Make it possible to customize the data structure used to store multi-valued attributes

Bug #2052943 reported by Chris Papademetrious
6
This bug affects 1 person
Affects Status Importance Assigned to Milestone
Beautiful Soup
Fix Committed
Undecided
Unassigned

Bug Description

This is an enhancement request.

It would be nice to have convenience methods to add/remove keywords from the "class" attribute.

For example,

====
elt.add_class('foo')
elt.add_class(['bar', 'baz'])

elt.remove_class('foo')
elt.remove_class(['bar', 'baz'])
====

The methods should accept string or list-of-string values. Existing keywords should not be duplicated. remove_class() should delete the "class" attribute if it becomes empty.

I could propose a merge request for this, if you're open to it.

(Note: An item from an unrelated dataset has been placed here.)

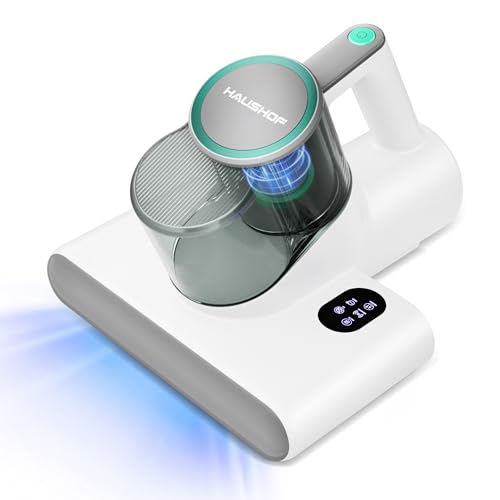 HAUSHOF Aspirateur Anti-Acariens, Aspirateur Matelas 16 kPa avec Lumière UV-C 275 nm, Chaleur 60 °C, Ultrasons, Fonction Anion, Filtre HEPA, Double...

These are the helper functions we currently use:

====
def add_class(tag, these_classes):
    if isinstance(these_classes, str):
        these_classes = [these_classes]
    for this_class in these_classes:
        if tag.get('class', None) is None:
            tag['class'] = []
        if not this_class.isspace() and this_class not in tag['class']:
            tag['class'].append(this_class)
    return tag

def remove_class(tag, these_classes):
    if isinstance(these_classes, str):
        these_classes = [these_classes]
    for this_class in these_classes:
        if tag.get('class', None):
            tag['class'] = [x for x in tag.get('class') if not x in these_classes]
    if not tag['class']:
        del tag['class']
    return tag
====

We also have a helper function to test if a keyword exists in "class":

====
def has_class(tag, this_class):
    return bool(tag.get('class', []) and this_class in tag['class'])
====

but this would be provided by self-testing from #2052936, if that comes to be:

====
if elt.matches(class_ = ...):
    # ...
====

Revision history for this message
Leonard Richardson (leonardr) wrote :
Download full text (4.0 KiB)

This request is asking to create a distinction between the "class" attribute and other attributes that I don't think is appropriate. I can think of a better way to offer functionality like this, but I don't know how useful it'd be.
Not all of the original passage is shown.